Both the sites I saw had survey pins with site number tags attached. These two sites are small and it’s hard to see anything, but it’s good to find these early in a hike that doesn’t have a definite destination. Continuing on the dirt road until it reaches the forest edge. I made my way to a rocky point that overlooks the east fork of the head of the canyon.

I scanned the canyon rims and the bottom area and noticed that there are a few cottonwoods growing along the creek bottom and an area of sagebrush on the canyon floor as it swings to the west. I couldn’t see any Ancestral Pueblo ruins sites from the view point. There is a short side canyon on the west side of the point that is easy to get around and continue along the west rim of the Cow Canyon east fork.

There aren’t any trails to follow here. I walked through the mostly open forest looking for points along the rim that offered good views. About 0.5 miles further on I saw a rubble pile near the canyon bottom, close to the middle of the large sagebrush field that was visible from the lookout point.

The top of the canyon is mostly steep cliffs but there are many notches and gaps to get through the cliffs onto the gentler slope of the canyon side. This site used some large boulders as a foundation and seemed to be reasonably large, extending down the hill for a ways.

There weren’t any wall sections holding together here except for a short section that used large stones. This site is on a shelf that is well below the rim but above the canyon floor, and well above the creek. This site was visible from the rim right above it, but would be hard to spot from any other angle as the trees hide it.

Hikers approaching along the canyon floor would have to be looking into the forest area carefully. It is in the portion of the east fork that runs east and west for a short distance.

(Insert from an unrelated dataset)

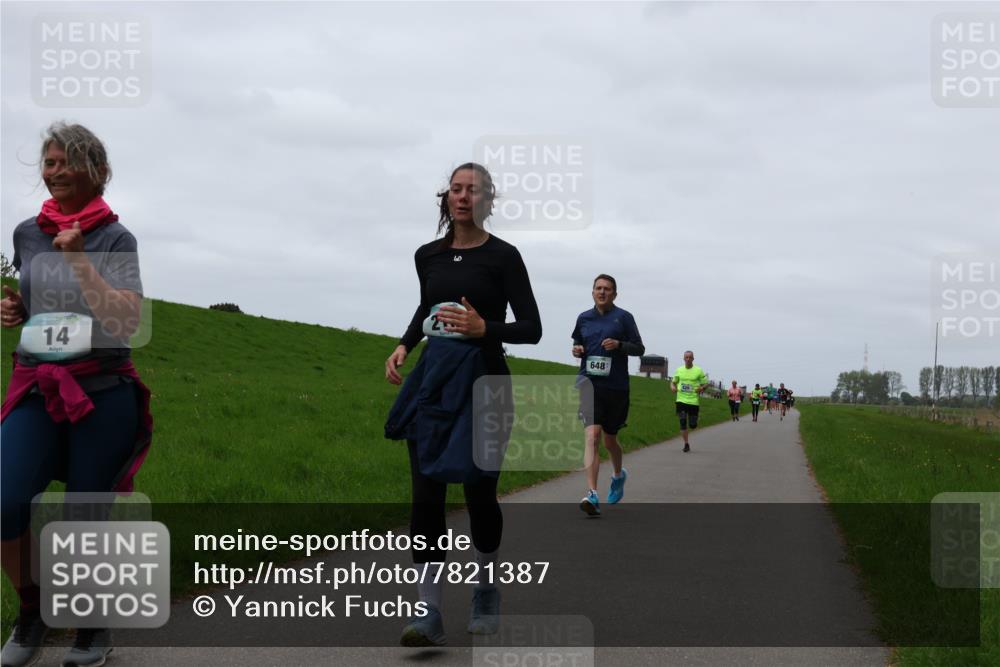 04.05.2025 - 8. Wedeler Halbmarathon Yannick Fuchs http://msf.ph/oto/7821387 04.05.2025 11:28:24 Laufen 14, 648 meine-sportfotos.de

Since I was already down in the canyon I decided to return along the bottom rather than retrace my steps. This was a good idea but I made a navigation error and climbed out on the east side rather that the west side, fooled by a small side canyon to the east.

When I reached the top, I could see the protective structure of Lowry Ruins and headed north for it, but was surprised when I reached the east fork canyon again. The bright side of this mistake was that I came across the remains of an old log cabin down below and was able to see the east fork of Cow Canyon from another angle.

I found a cow path that led back down and then up and crossed again. It took me about 2:00 hours to find the Cow Canyon east fork site and 2:00 hours to return for a 4:00 total hike for about 3.5 miles. It was an 84 F early July day with a good breeze blowing and I carried 2 liters of water.